* THE TASK *
Only these lines are needed: the first line of the entries below through the line with "Dhoni आईपीएल का", each returned exactly.

GIVEN DATA START

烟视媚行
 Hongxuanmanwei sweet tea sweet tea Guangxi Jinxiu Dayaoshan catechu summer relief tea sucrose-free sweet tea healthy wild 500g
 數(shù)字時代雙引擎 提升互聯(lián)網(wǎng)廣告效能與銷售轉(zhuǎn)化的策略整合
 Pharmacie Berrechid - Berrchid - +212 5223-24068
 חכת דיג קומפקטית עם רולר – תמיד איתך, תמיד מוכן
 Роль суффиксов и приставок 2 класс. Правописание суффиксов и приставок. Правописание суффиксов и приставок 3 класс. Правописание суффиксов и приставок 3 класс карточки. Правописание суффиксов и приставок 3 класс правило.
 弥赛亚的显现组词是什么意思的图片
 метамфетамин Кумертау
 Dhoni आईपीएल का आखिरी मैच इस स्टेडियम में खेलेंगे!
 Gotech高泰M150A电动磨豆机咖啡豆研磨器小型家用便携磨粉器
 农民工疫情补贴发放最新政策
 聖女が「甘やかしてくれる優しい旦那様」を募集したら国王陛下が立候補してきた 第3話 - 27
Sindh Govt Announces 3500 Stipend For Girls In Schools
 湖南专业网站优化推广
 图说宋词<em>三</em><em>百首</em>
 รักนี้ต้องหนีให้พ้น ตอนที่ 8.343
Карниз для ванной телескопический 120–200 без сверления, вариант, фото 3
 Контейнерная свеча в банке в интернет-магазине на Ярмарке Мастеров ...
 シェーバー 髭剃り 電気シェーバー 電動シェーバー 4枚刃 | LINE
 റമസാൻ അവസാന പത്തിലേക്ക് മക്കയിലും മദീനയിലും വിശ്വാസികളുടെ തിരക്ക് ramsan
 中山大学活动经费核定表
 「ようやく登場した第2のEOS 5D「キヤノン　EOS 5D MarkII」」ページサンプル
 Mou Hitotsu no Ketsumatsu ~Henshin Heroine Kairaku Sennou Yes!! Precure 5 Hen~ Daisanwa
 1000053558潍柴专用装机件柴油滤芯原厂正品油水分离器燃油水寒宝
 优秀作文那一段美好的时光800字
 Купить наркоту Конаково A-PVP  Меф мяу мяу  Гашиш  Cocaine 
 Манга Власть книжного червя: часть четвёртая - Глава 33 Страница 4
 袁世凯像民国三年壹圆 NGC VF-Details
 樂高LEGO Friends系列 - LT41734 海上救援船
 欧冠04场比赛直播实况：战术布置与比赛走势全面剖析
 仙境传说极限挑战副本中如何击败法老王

GIVEN DATA END

* FINAL ANSWER *
烟视媚行
 Hongxuanmanwei sweet tea sweet tea Guangxi Jinxiu Dayaoshan catechu summer relief tea sucrose-free sweet tea healthy wild 500g
 數(shù)字時代雙引擎 提升互聯(lián)網(wǎng)廣告效能與銷售轉(zhuǎn)化的策略整合
 Pharmacie Berrechid - Berrchid - +212 5223-24068
 חכת דיג קומפקטית עם רולר – תמיד איתך, תמיד מוכן
 Роль суффиксов и приставок 2 класс. Правописание суффиксов и приставок. Правописание суффиксов и приставок 3 класс. Правописание суффиксов и приставок 3 класс карточки. Правописание суффиксов и приставок 3 класс правило.
 弥赛亚的显现组词是什么意思的图片
 метамфетамин Кумертау
 Dhoni आईपीएल का आखिरी मैच इस स्टेडियम में खेलेंगे!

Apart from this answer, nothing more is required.